I want to have a child

I’m not quite sure what happened; I was reading yet another book about dementia and I realised suddenly that having a family is a good thing. I presume this realisation could only happen for me when the family I was brought up in stopped existing. Yes, there still is my alcoholic brother but I don’t have to take care of him, do I?

My family always felt like such a burden to me, with all the problems that they had. We had, I should have said.

And now, suddenly, I feel like the burden is gone. I feel like I can be myself again. And for those couple of minutes I wanted to have a child. Because it’s what normal people, without problems, do: they set up their own families and take care of the children. However, I’ll be 45 in a couple of weeks. That’s a bit late, isn’t it?

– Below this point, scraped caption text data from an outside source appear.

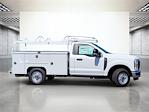 New 2025 Ford F-250 Regular Cab Scelzi SB-98-79-49-38-VO 8' 2" Service Truck for sale #F362421 - photo 7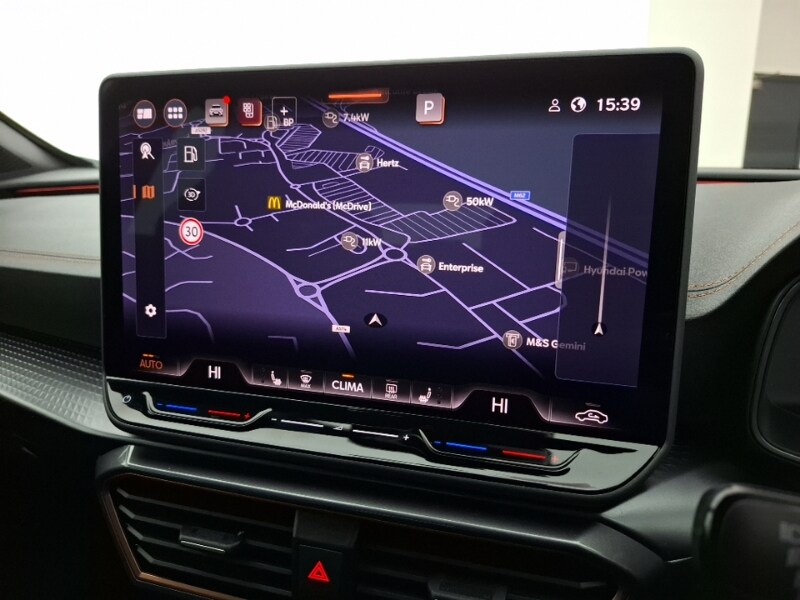 Used Cupra Formentor 2025 for sale - 77933202: Photo 18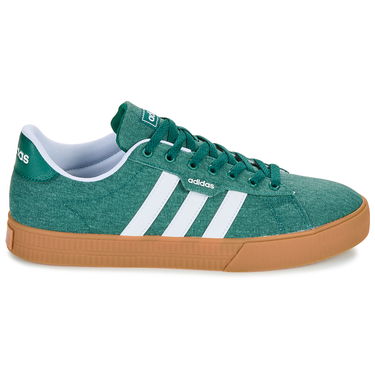 Кецове и обувки adidas Originals Shoes (Trainers) adidas DAILY 3.0 Зелено | IF7487, 1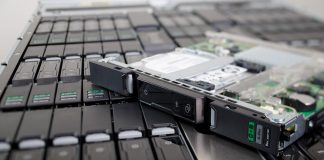 Arm declara: Un milion de servere pentru data centere vor fi livrate in 2018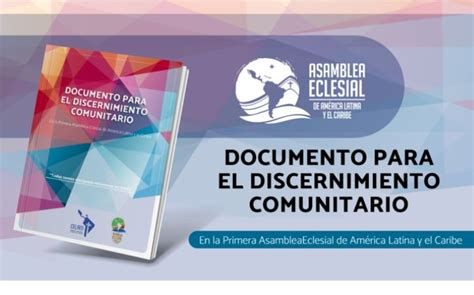 imagen temática: asamblea de oración y discernimiento comunitario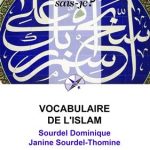 کتاب Vocabulaire de l'Islam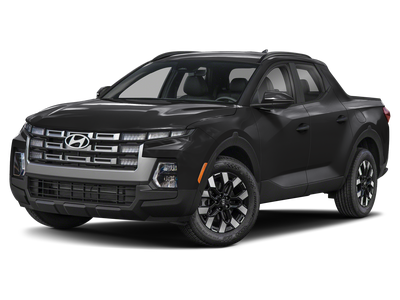 2027 Hyundai SANTA CRUZ SEL Activity AWD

But then, if I couldn’t decide to have a child when I was younger, because of too much drama with my parents and brother, should I not be given reasonable adjustments and a chance to make that work somehow?

Like possibly by adopting a grown up. Someone who’s in their early 20s would be ideal. I wonder whether they’d listen to my advice on life. Like for example ‘don’t drink too much, keep away from drugs and don’t spend too much, but if you have to spend some money before you become a serious adult, it’s better to go travelling than to have a new set of fake eyelashes every two weeks, believe me.’

No, they probably wouldn’t so it may be that I need to find someone who has similar values to mine. Do you know of any scheme that allows to adopt an adult? If you do, please let me know.